Abstract
Inflammatory bowel disease (IBD) remains a topic of ongoing research given its prevalence, yet the pathogenesis and all clinical manifestations of the disease remain poorly understood. Giant inflammatory polyposis is one of the clinical manifestations of IBD that has rarely been described to the best of our knowledge. This is a recognized clinical entity, however, only a limited number of IBD associated cases have been described in literature to date. This phenomenon consists of numerous benign, inflammatory polyps that clump together giving the appearance of a larger mass, which may cause clinical colonic obstruction and radiographic findings mimicking colonic neoplasm. This clinical entity may present in 10–20% of patients with IBD.
INTRODUCTION
Inflammatory polyps are relatively common in patients with inflammatory bowel disease (IBD), but the case we present of giant inflammatory polyposis (GIP) is not the same clinical entity. GIP is an uncommon manifestation of IBD that commonly consists of numerous filiform polyps that give an appearance of a ‘mass of worms’ or a ‘fungating’ mass. This clinical manifestation is also known as filiform polyposis, localized giant pseudopolyps, or just giant polyposis [1]. By definition the polyps are >1.5 cm in any dimension [2]. The proposed pathogenesis is that GIP is formed during the regenerative and healing process that leaves inflamed colonic mucosa in a polypoid configuration forming from residual islands of mucosa that remain after surrounding, severely inflamed mucosa becomes ulcerated [3, 4] Most of the reported cases have been located in the left colon: transverse colon (40%), sigmoid colon (15%), descending colon (15%), cecum (40%), splenic flexure (7%) and the hepatic flexure (7%) [5]. Symptoms from GIP can include but are not limited to anemia, cramping abdominal pain, melena, diarrhea, palpable mass, chronic mass with or without luminal obstruction and intussusception [1, 3, 4]. In the case we present, our patient had an obstructing mass in the transverse colon that manifested as cramping abdominal pain.
CASE REPORT
A 48-year-old African American male presented with localized, sharp and crampy right upper quadrant and left lower quadrant abdominal pain for 5 days associated with anorexia, nausea, vomiting, obstipation for 6 days and an unintentional 40 lb weight loss over the course of several months. The patient had history of hypertension, no known history of IBD or symptoms suggestive of IBD; however, he had a strong family history of Crohn’s disease.

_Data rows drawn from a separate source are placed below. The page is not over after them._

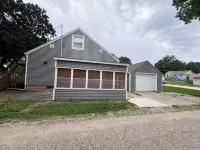 Welcoming Updated 3-Bedroom House Close to Downtown Clear Lake and City Beach!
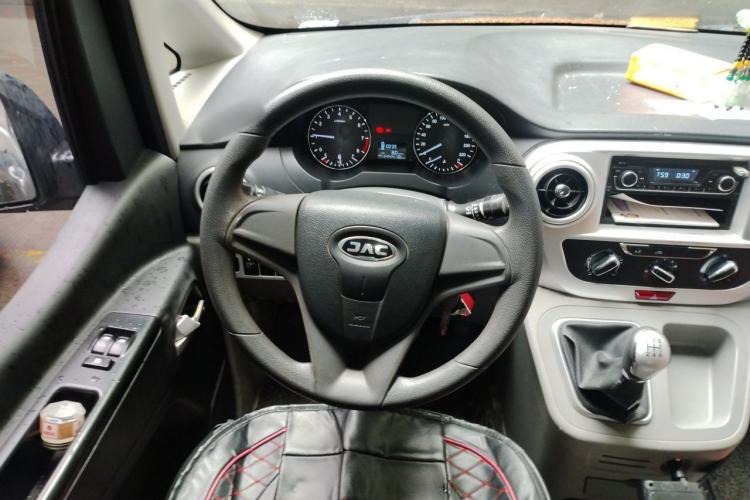 Used JAC Refine M3 2018 1.6L Express Edition 7-Seater
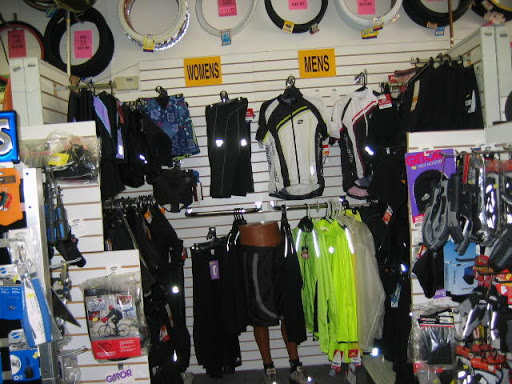 Bicycle Store «Midwest Cyclery», reviews and photos, 117 E Front St, Wheaton, IL 60187, USA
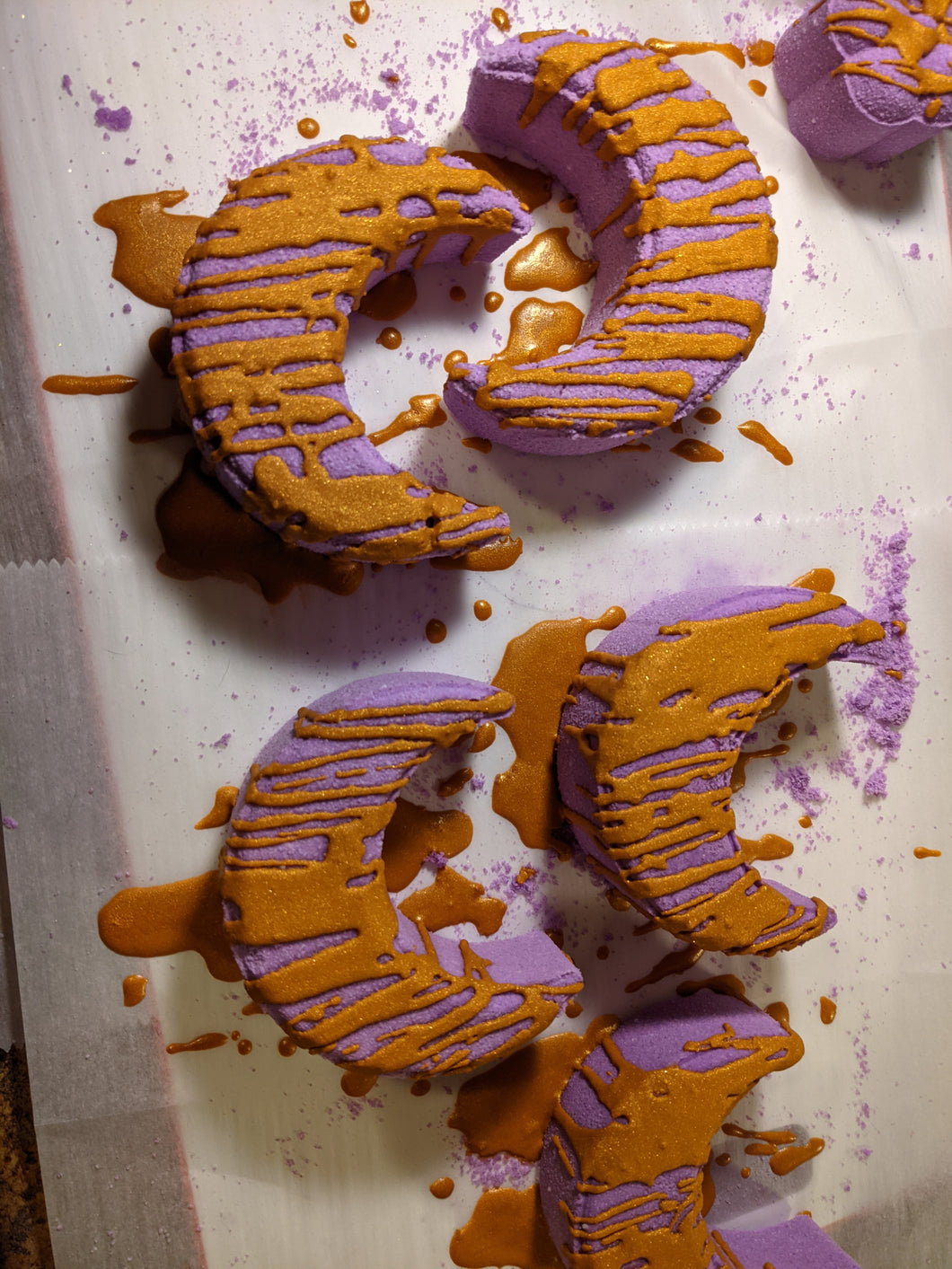 Moon Bath Bomb Lavendar - Peaches and Pearls Eureka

On physical examination the patient was cachectic. The abdomen was soft, non-tender, non-distended, no guarding, no rebound tenderness, no rigidity. There was firm, immobile stool in the rectal vault without blood. Laboratory findings revealed hyponatremia and hypoalbuminemia, with otherwise normal laboratory values. CT scan on admission revealed transverse colon wall thickening with fecal impaction throughout the colon. Initial presentation was suspicious for malignancy, which prompted a colonoscopy on this same admission. There was a circumferential, polypoid, erythematous, friable mass like lesion with significant stenosis identified preventing endoscope progression.
Over the course of 12 days, the patient failed conservative management of large bowel obstruction, and subsequently underwent laparoscopic extended right hemi colectomy with primary anastomosis. On gross examination the transverse colon was firm, wall was thickened and proximal portion was severely dilated (Fig. 1). The specimen had massive inflammatory polyposis and colitis cystica profunda complicating idiopathic IBD, indeterminate type (Fig. 2). There was evidently continuous involvement of a long segment of the proximal colon with transmural chronic inflammation, fissuring ulcerations and chronic subserositis, which combined to produce mural thickening, rigidity and obstructive dilation of the cecum and ileum. Ileum was unremarkable. Microscopic examination the mass revealed colonic mucosa with extensive hyperplastic changes, mild active chronic colitis and crypt micro abscess without dysplasia (Fig. 3). The distal colonic margins demonstrated paneth cell metaplasia indicating IBD extends distally beyond the region of polyposis and may ultimately prove to be ulcerative colitis (UC).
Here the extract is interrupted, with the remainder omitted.